The affiliate tools are similar to the affiliate marketing offering that TikTok Shop operates, according to Scott Kramer, head of growth at AS Beauty, which operates a portfolio of brands including Laura Geller Beauty and Cover FX. He said the tools provide opportunities for brands to measure the ROI they’re seeing from creators in terms of who is driving sales, noting it’s a “first step” for Meta.

However, some brands may be slower to adopt affiliate tools, Kevin Simonson, CEO of e-commerce marketing outfit adMixt, said, noting that affiliate offerings lend themselves more so to verticals like beauty and wellness.

“Affiliate, in general, is not as important to most brands as paid. It’s generally an afterthought from a strategy perspective,” Simonson said. “I’m sure some people are obviously getting on it, but as far as brands we work with, I’ve had zero people reach out to me about it.”
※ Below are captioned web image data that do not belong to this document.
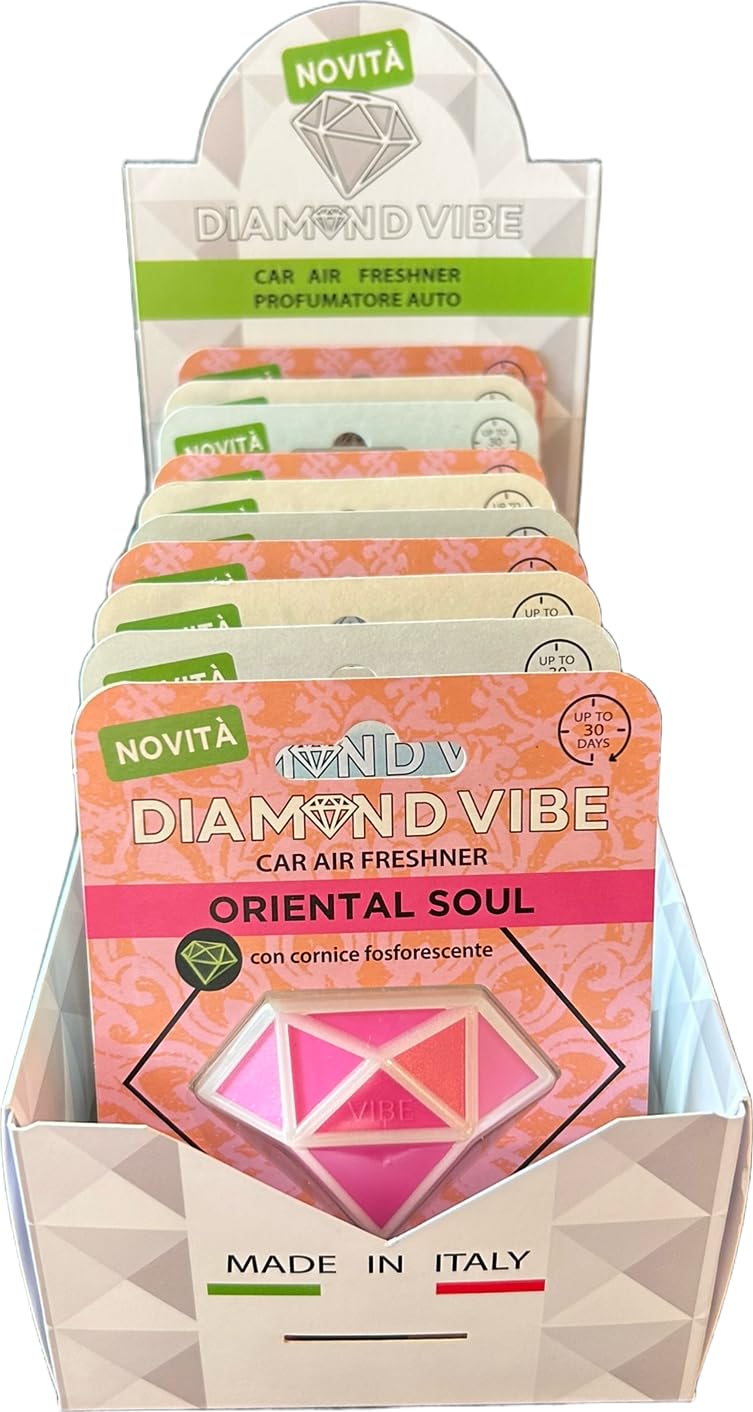 Diamond Vibe Profumatore Auto Fosforescenti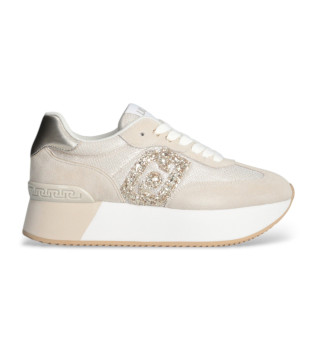 Sportschoenen met gouden glitterlogo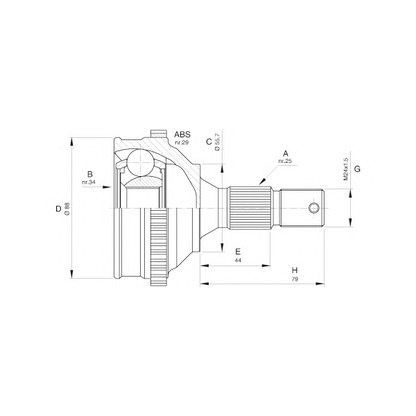 Фото Шарнирный комплект, приводной вал OPEN PARTS CVJ527610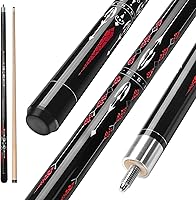 Vista 10 de Pool Cue, 58" Billiard Cue Stick 2-Piece Maple Wood Pool Cue Stick 18 19 20 21oz for Bar House Pool Table Sports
Meta’s rollouts come as social media platforms push agents and as they pump out more creator-centric features to vie for creator economy dollars—see some of Google’s announcements at NewFronts, including around creator partnership boost ads. But some advertisers are keeping an eye on how much adoption some of the generative AI–enhanced e-commerce and creator features Meta is rolling out actually see.

As part of the updates, Instagram Reels are now shoppable, and creators can tag products available in Meta’s commerce catalog, along with including URLs including affiliate links (as long as they direct users to one specific eligible item), potentially earning them a commission.

Creators, the company said, will benefit from their product-tagged content being shared to the Partnership Ads Hub in Ads Manager, making those creators more visible to potential brand partners. (Creators will be able to tag a maximum of 30 items per Reel.) Meta plans to test affiliate experiences with Amazon and e-commerce platform Shopee on Instagram in the spring. Facebook affiliate test partners include Amazon, eBay, and Temu in the US, Shopee in Asia, and Mercado Libre in Latin America.

The company is taking a slightly different approach to affiliate partnerships for Facebook. Creators can tag products in Facebook photo posts and Reels, which will display an affiliate banner. Users can click on that content to be directed to the product on the brand’s app or site, potentially earning the creator a commission. Amazon and Shopee are serving as launch partners for Facebook, with Temu, eBay, and Mercado Libre set to join in the near future.

Cha-ching: Meta is introducing a new checkout offering in its Business AI sales agent, which Meta first announced that it was integrating into ads at Shoptalk last year. PayPal and Stripe have signed on as launch partners, with Shopify and fintech platform Adyen to come. It’s likely an effort to simplify checkout and reduce friction to more efficiently drive consumers to increase conversion rates, Simonson said. The company is also testing an AI offering that will surface information relevant to a potential purchase, like discounts and product recommendations.

That’s not all: Meta is also augmenting product discovery in ads by surfacing additional information in particular for retail media networks. It’s testing product set optimization, which would empower retail media networks to choose which products to promote and would provide them with campaign product-level data. A retail media network could run a campaign for a specific product offered by a beauty brand partner, for example, rather than allocating the brand partner’s budget toward advertising its whole catalog.

It’s also seeking to improve product discovery for brands by bringing its product showcase offering to Reels and Stories. Brands can input their own creative, which Meta AI may use to place catalog products in a carousel if the system deems it could boost performance.

The feature could be valuable for brands using potentially less effective alternatives to optimize catalog ads, Simonson said. “If we’re talking about a crawl-walk-run strategy as it relates to catalog…these new product features are ‘run,’” he said.

But some brands are still in the “crawl” stage in terms of their catalog strategy, he added.